EXERCISE DIRECTIONS: Nothing but the lines below from the one with "Моя фотография - Валерий, 25" through the one with "407 Eagles Point Ln, Shell Knob, MO 65747" should be output, each exactly as given, and no pictures.

RECORD EXCERPTS:
════════════════

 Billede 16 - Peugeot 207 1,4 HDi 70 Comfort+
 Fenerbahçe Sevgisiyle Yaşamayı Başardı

════════════════

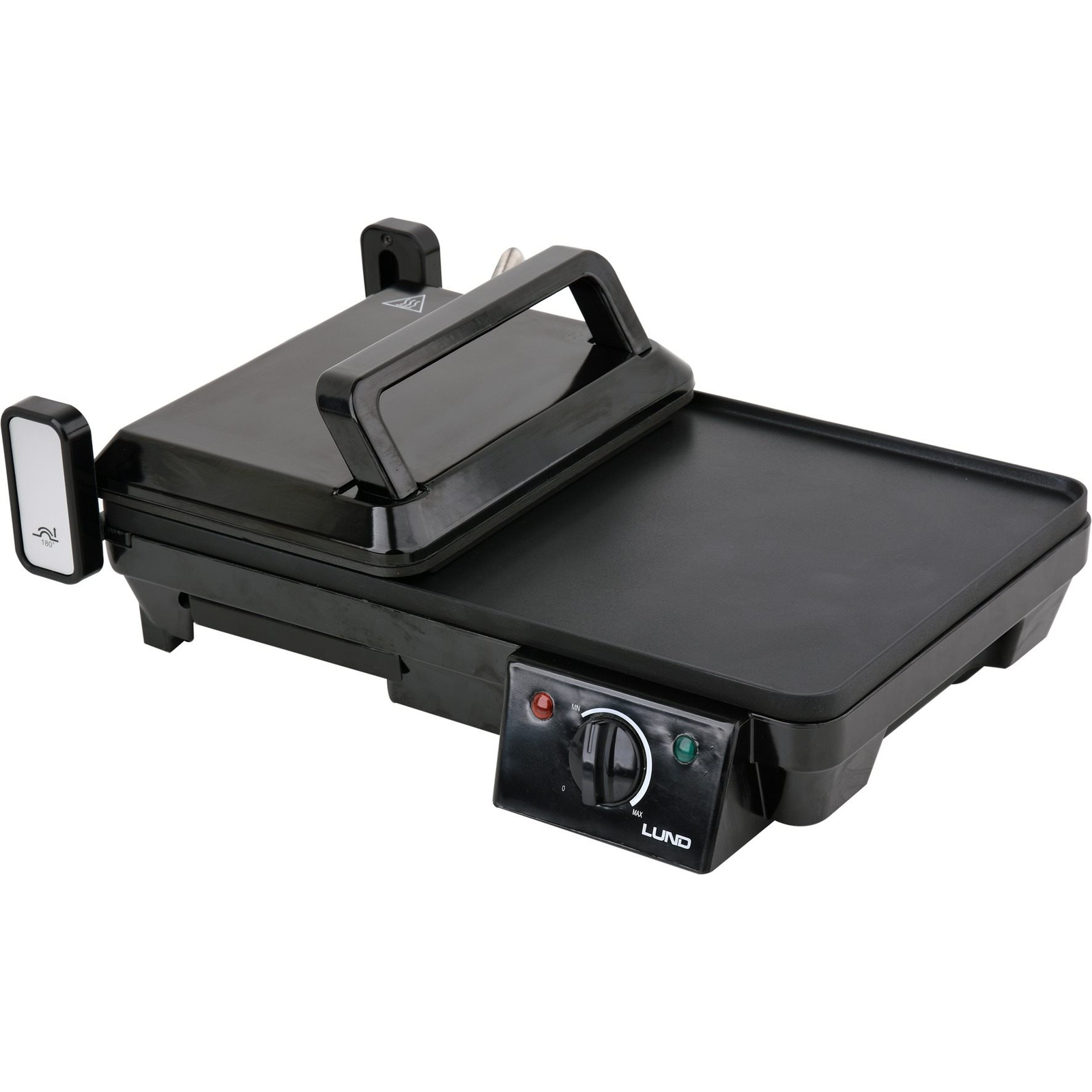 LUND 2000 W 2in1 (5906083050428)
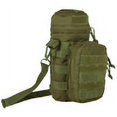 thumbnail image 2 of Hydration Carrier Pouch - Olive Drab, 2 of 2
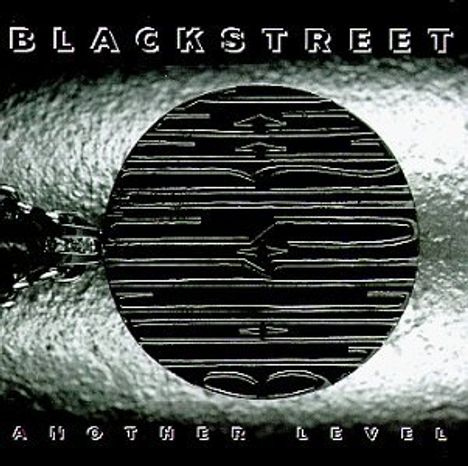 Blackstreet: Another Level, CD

════════════════

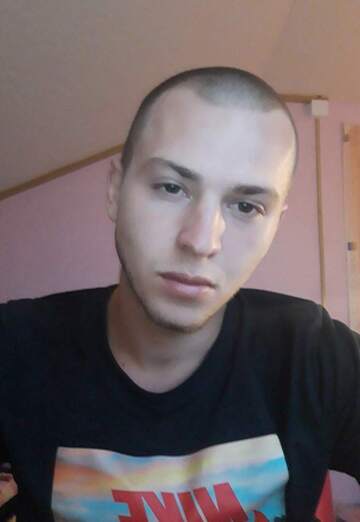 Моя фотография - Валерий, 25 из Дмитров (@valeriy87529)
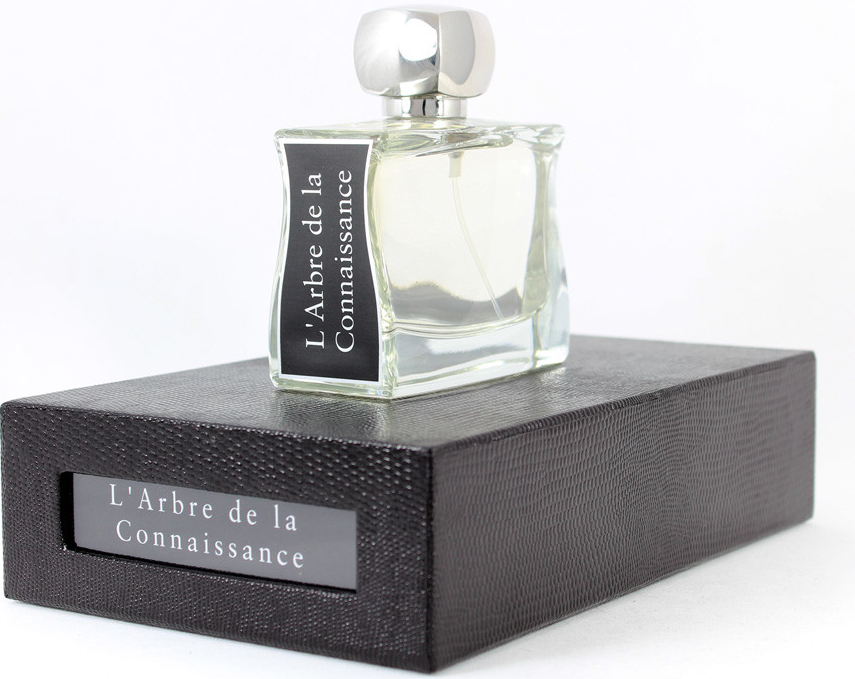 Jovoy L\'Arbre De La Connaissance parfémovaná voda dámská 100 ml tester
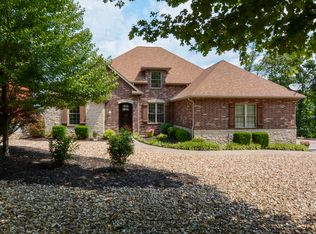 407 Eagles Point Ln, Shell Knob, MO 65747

════════════════

ANSWER SPACE:
 Моя фотография - Валерий, 25 из Дмитров (@valeriy87529)
 Jovoy L\'Arbre De La Connaissance parfémovaná voda dámská 100 ml tester
 407 Eagles Point Ln, Shell Knob, MO 65747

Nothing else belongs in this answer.